Definition[Bearbeiten]

The eminentia mediana is a highly vascularised region in the area of the pituitary stalk at the base of the hypothalamus, which plays an important role in the release of the so-called regulatory hormones.

Anatomy[Bearbeiten]

The eminentia mediana is surrounded posterolaterally by the pedunculi cerebri and anterolaterally by the optic chiasm. It lies at the base of the 3rd cerebral ventricle and is part of the infundibulum. The tissue area is one of the neurohemal regions in which the blood-brain barrier is lifted.

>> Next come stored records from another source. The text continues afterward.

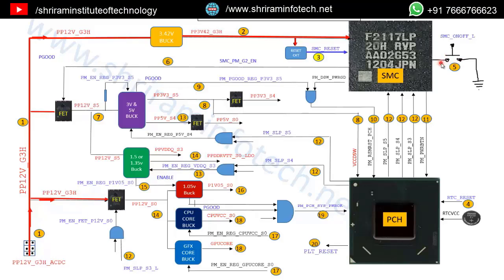When we press the power button, a 3-0-3 pulse is generated and the SMC gets the information that the power button has been pressed. After that, the SMC releases a signal called SMC_PM_G2_EN. Remember this signal name — in any Apple iMac system the signal names are the same. After pressing the power button, a 3V signal will be generated for step 6: SMC_PM_G2_EN.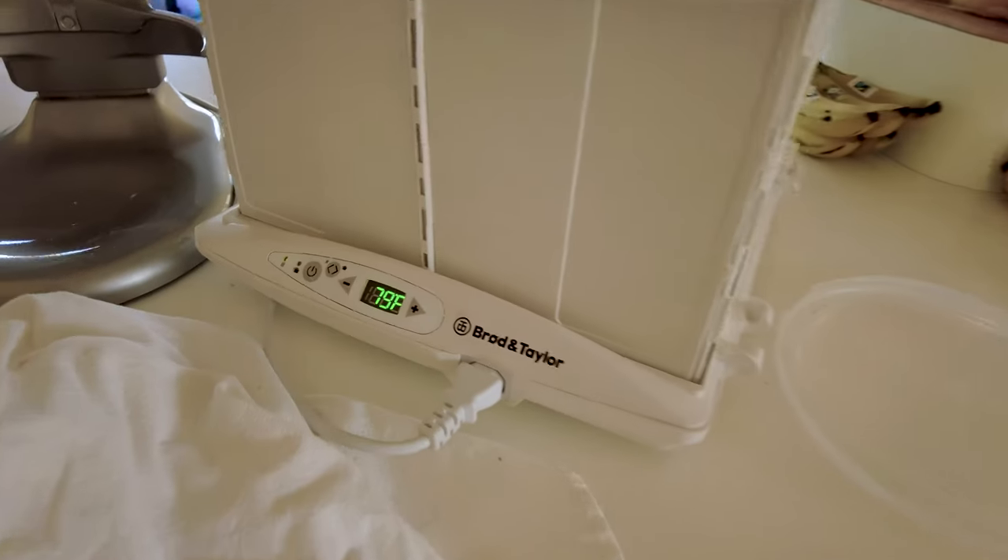In this video, we're going to be reviewing the Broad & Taylor Bread Proofer. Pat Tokoyama here, creator of All Day Like a Shark, and today I'm going to tell you about the best bread proofer out there. This is the Broad & Taylor Bread Proofer — let me pull it up really quick so that you can see it. There it is.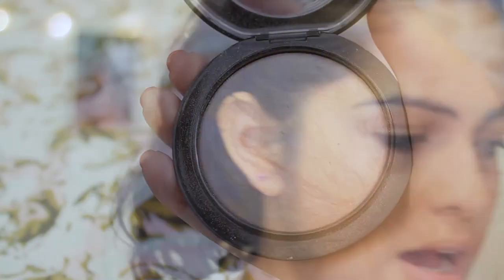The next thing I'm going to take is my MAC highlight powder with my fan brush and I'm just going to sweep it across my cheekbones and on my cupid's bow.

Histologically, the eminentia mediana can be divided into three zones:

  • inner ependymal zone, near the 3rd ventricle
  • inner pallisade zone
  • outer pallisade zone

The middle, "inner" pallisade zone contains medullary neurones that run to the posterior lobe of the pituitary gland (HHL). Specialised capillary loops protrude in the outer pallisade zone. The axons of nerve cells whose subependymal scattered cell bodies lie in the periventricular space of the hypothalamus end between them. They can be demarcated as separate nuclear areas in the periventricular nucleus and the infundibular nucleus. The contact between the 3rd ventricle and the outer pallisade zone is mediated by specially differentiated ependymal cells, the so-called tanycytes.

The axons of these nerve cells release neuropeptides into the blood via special contact structures, the neurovascular junctions. They reach the adenohypophysis via the pituitary-portal vein system, where they act as releasing factors (liberins) or inhibiting factors (statins). This makes the eminentia mediana the most important interface between the nervous and endocrine systems.